I’m pretty sure I’ve officially fallen off my rocker! Last week I found myself in a lot of pain and finally I gave in and took a lortab. Now let me tell you I HATE taking pills, especially ones that make me loopy! So there I was slowly falling into a land of prescribed craziness.
I was half asleep when I started thinking about my old Strawberry Shortcake wall paper from when I was a little girl. I loved that wall paper, I loved it so much that I had to draw (more like scribble) all over it so I could be part of its glory! I also thought about my old Care Bear stuffed animal Lucky. That little buddy went everywhere in the house with me. All of a sudden Strawberry Shortcake was alive a crying, oh no! I asked her what was wrong and she told me how Lucky and his sidekick Champ had hurt her feelings.
I was so distraught over this, why would the Care Bears ever want to hurt little miss shortcakes feelings?! I couldn’t figure it out. But I sure did call my friend and tell him all about it for about 30 minutes. Followed by me lecturing him on life…. I’m pretty sure I was asleep during a lot of the conversation as I really don’t remember most of it, but I looked at my call log and we talked for nearly 2 hours!

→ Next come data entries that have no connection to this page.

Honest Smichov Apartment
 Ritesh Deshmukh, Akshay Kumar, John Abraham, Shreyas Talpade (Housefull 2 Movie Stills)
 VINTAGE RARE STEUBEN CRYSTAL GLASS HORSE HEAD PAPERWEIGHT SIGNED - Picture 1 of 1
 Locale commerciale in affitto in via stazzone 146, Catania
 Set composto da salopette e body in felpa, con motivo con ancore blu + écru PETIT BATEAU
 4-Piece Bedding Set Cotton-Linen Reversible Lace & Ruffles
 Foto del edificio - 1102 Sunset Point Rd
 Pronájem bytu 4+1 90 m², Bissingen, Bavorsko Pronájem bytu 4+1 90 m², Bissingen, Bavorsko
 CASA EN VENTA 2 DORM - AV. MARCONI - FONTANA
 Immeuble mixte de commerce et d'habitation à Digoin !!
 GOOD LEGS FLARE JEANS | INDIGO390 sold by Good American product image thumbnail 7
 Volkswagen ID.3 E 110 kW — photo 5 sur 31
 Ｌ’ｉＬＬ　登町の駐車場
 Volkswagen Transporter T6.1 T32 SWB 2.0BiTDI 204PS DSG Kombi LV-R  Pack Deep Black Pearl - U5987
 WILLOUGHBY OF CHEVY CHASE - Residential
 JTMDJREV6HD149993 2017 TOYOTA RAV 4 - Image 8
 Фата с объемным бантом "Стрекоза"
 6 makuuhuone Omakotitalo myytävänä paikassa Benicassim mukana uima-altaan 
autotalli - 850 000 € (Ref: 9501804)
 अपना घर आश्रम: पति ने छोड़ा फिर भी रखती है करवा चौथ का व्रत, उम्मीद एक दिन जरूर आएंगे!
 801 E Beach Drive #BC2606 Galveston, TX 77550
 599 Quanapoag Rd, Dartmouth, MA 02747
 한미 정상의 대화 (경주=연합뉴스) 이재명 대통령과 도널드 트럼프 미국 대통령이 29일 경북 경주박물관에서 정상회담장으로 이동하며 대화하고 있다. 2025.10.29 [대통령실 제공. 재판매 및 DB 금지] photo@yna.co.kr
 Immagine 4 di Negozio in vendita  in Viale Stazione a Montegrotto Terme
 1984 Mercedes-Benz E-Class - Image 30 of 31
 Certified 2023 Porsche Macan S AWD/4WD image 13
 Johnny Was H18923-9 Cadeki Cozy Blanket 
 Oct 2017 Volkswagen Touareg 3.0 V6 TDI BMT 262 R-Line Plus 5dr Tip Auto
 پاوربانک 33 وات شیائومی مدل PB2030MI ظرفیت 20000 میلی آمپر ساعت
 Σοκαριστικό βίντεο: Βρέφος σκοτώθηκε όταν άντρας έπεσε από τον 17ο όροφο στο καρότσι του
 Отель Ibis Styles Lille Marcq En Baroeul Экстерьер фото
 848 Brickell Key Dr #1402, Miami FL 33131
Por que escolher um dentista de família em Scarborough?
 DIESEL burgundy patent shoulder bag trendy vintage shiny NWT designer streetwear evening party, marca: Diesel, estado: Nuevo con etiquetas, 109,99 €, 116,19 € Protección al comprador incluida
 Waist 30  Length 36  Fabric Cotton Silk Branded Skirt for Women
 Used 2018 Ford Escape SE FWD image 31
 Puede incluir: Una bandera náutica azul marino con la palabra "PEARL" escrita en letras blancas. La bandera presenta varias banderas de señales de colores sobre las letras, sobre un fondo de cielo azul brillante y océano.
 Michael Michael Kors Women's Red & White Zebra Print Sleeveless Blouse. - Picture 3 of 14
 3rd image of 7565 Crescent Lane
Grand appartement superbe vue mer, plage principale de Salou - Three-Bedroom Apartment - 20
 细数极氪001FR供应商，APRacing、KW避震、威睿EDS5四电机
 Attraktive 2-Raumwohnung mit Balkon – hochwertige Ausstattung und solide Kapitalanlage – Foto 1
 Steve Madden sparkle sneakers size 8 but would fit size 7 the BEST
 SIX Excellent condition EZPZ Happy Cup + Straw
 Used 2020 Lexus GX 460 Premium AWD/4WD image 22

A couple of days later I was again in need of medication. Although I was really dreading taking it, I NEVER take pain killers especially not twice in one week! No joke, I won’t even take ibuprofen when I get a headache. I sucked it up and took another lortab. This time I was again visited by Care Bears in my dreamland. This time however, they were not making anyone cry. They were simply doing the Care Bear stare out of my front window, I’m not really sure why though.
Luckily my back is feeling much better so I don’t think I’ll being seeing those little buggers anytime soon!